我正在尝试重建这个算法:
http
://courses.csail.mit.edu/6.006/fall10/lectures/lec02.pdf
(第14页“算法II”)
(用谷歌找到这个,不幸的是我不在麻省理工学院: ) 这不是家庭作业)
这是:
•Pick middle column (j=m/2)
•Find global maximum a=A[i,m/2]in that column
(and quit if m=1)
•Compare a to b=A[i,m/2-1]and c=A[i,m/2+1]
•If b>a then recurse on left columns
•Else, if c>a then recurse on right columns
•Else a is a 2D peak!
我所拥有的是:
trimmed是一个向量,它保存我的大小频率(blockSizeSmall-minBlockSize)。
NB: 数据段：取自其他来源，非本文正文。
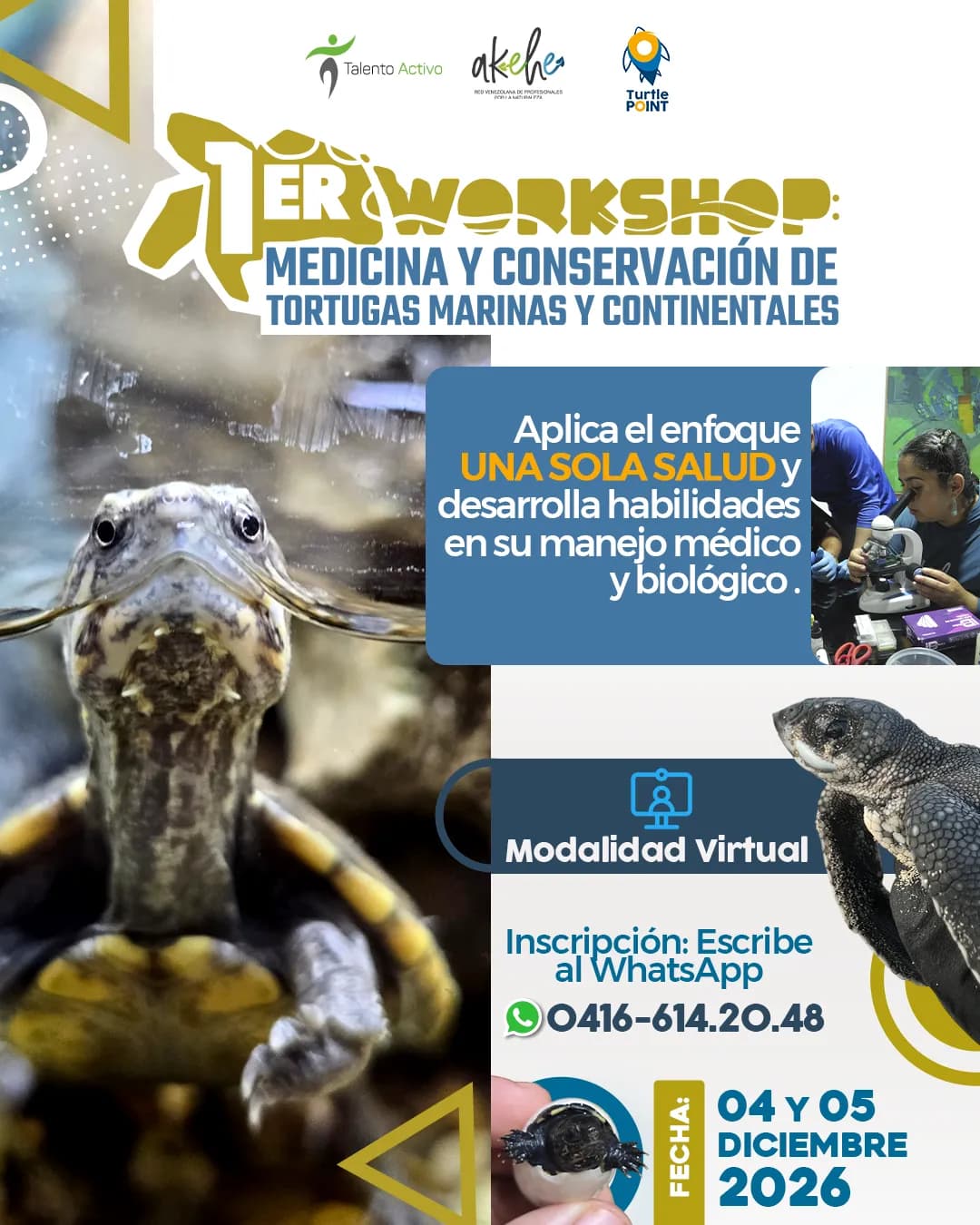 Afiche del 1er Workshop Virtual: Medicina y Conservación de Tortugas Marinas y Continentales: enfoque Una Sola Salud, modalidad virtual, 04 y 05 de Diciembre de 2026. Inscripción por WhatsApp al 0416-614.20.48.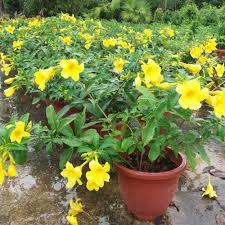 Allamanda Yellow Plant With Pot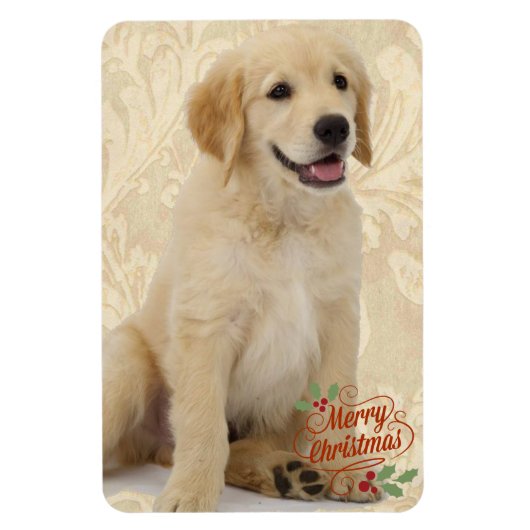 Flexible Refrigerator Magnet Pet's Modèle photo Christmas (Vertical)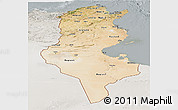 Satellite Panoramic Map of Tunisia, lighten, semi-desaturated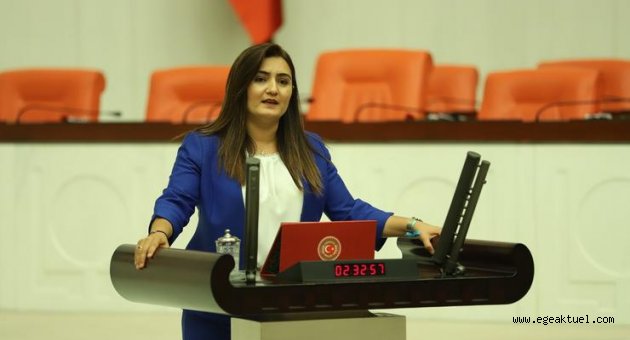CHP'li Kılıç: THK neden devre dışı bırakıldı
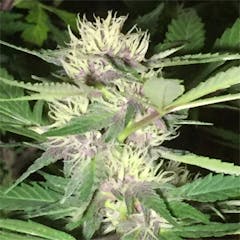 User uploaded image of Purple Arrow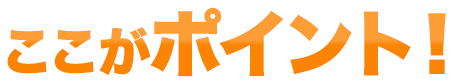 ここがポイント!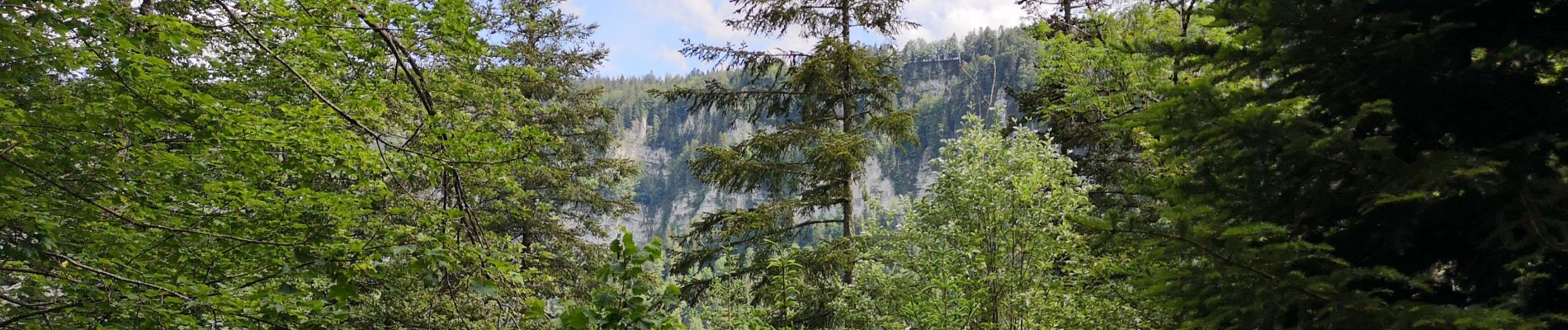 Tour Wandern Villers-le-Lac - Saut du Doubs  - Photo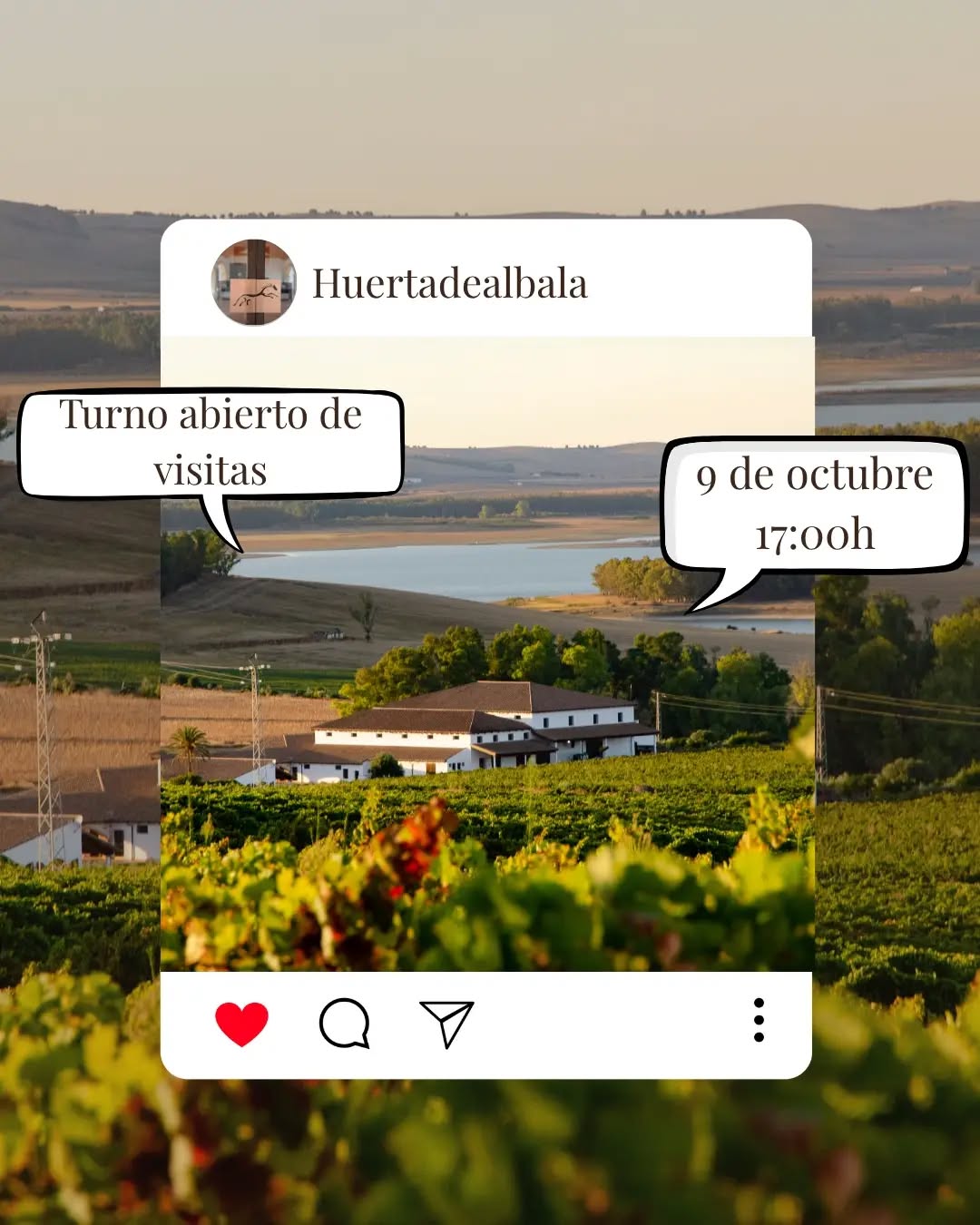 Turno de visitas a la Bodega Huerta Albalá el próximo viernes 9 de octubre a partir de las 17:00 h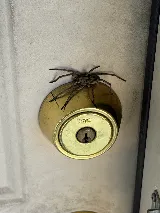 Brown Reclusinator Pest Control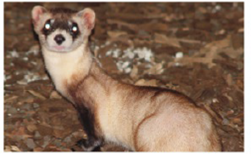 Chapter 33, Problem 1CT, Like other nocturnal carnivores, the ferret shown in FIGURE 33.13 has light-reflecting material in 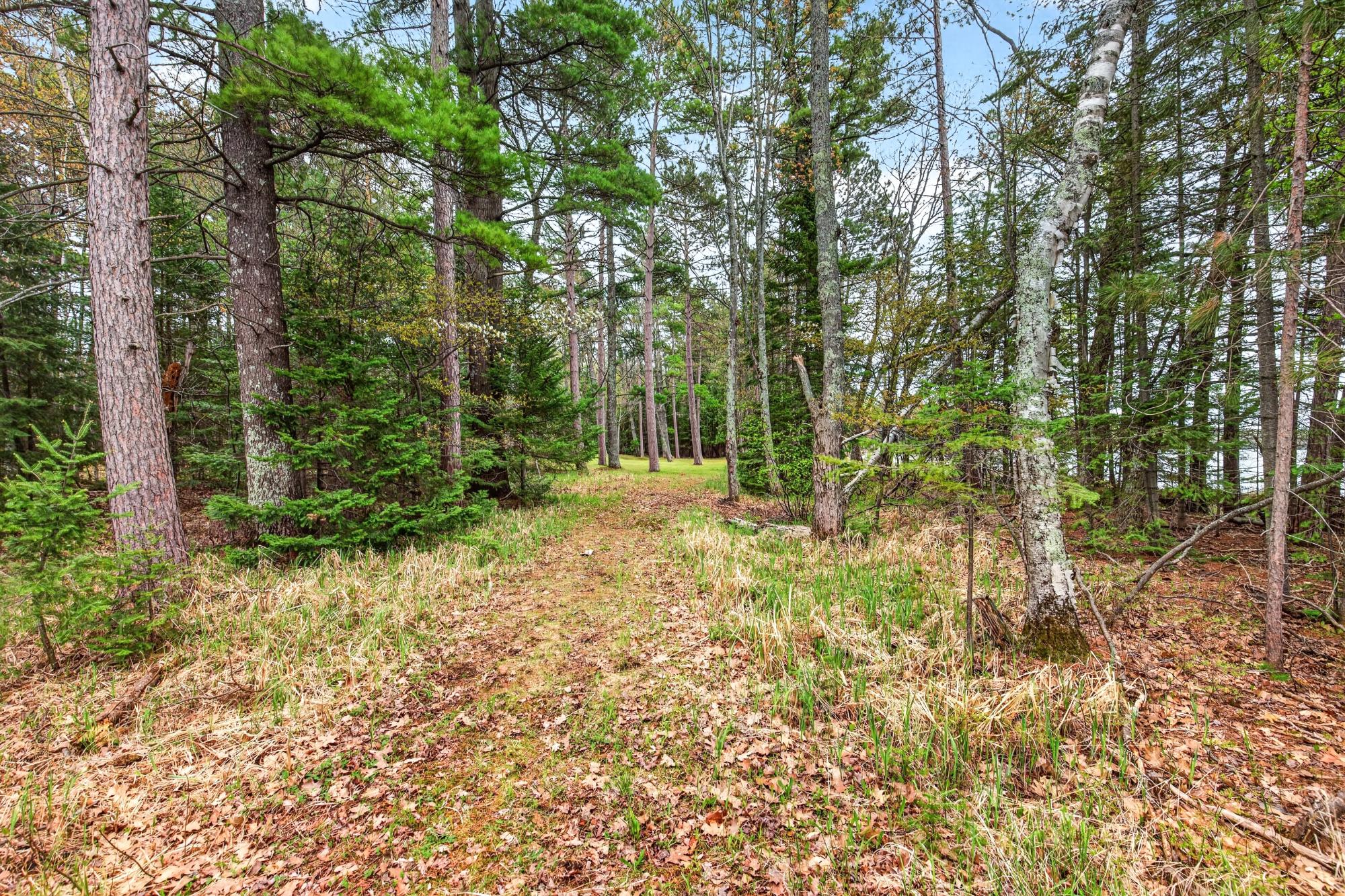 North Twin Lake Property 3980 Pedersen Tr Photo 73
所以它是一个具有trimmed.size()列和 (blockSizeSmall-minBlockSize) 行的二维矩阵。
为了简单起见,我将峰值保存在 2 个 int 向量vector<int> peaksrow和peakscolumn中。
那里有什么问题?
我不明白什么
"Find global maximum a=A[i,m/2]in that column (and quit if m=1)"
应该导致。
public void findPeaks() {
for (int column = trimmed.size() / 2; column < trimmed.size();) {
int globalmax = 0;
for (int row = 0; row < (blockSizeSmall - minBlockSize); row++) {
if (trimmed.elementAt(column).reducedFreqs[row] > globalmax) {
globalmax = row;
//find globalmax in row
}
}
if (globalmax == 0) {
break; //<- ???
} else {
if (column - 1 >= 0 && column + 1 < trimmed.size()) {
//stay in bounds
if (trimmed.elementAt(column - 1).reducedFreqs[globalmax] > globalmax) {
column--;
//if element at left side is > globalmax, recurse on column--;
} else if (trimmed.elementAt(column + 1).reducedFreqs[globalmax] > globalmax) {
column++;
//if element at right side is > globalmax, recurse on column++;
} else {
//if globalmax is higher than right or left element i have a peak
peaksrown.add(globalmax);
peakscolumnn.add(column);
Log.e(TAG, "" + peaksrown.size());
}
}else{
//what to do when out of bounds ?? break ??
//if i break here, how can i be sure the algorithm
//went to both sides(column=0 and column=max) ??
//just tried with break here, still infinit loop
}
}
}
}
它只是无限循环。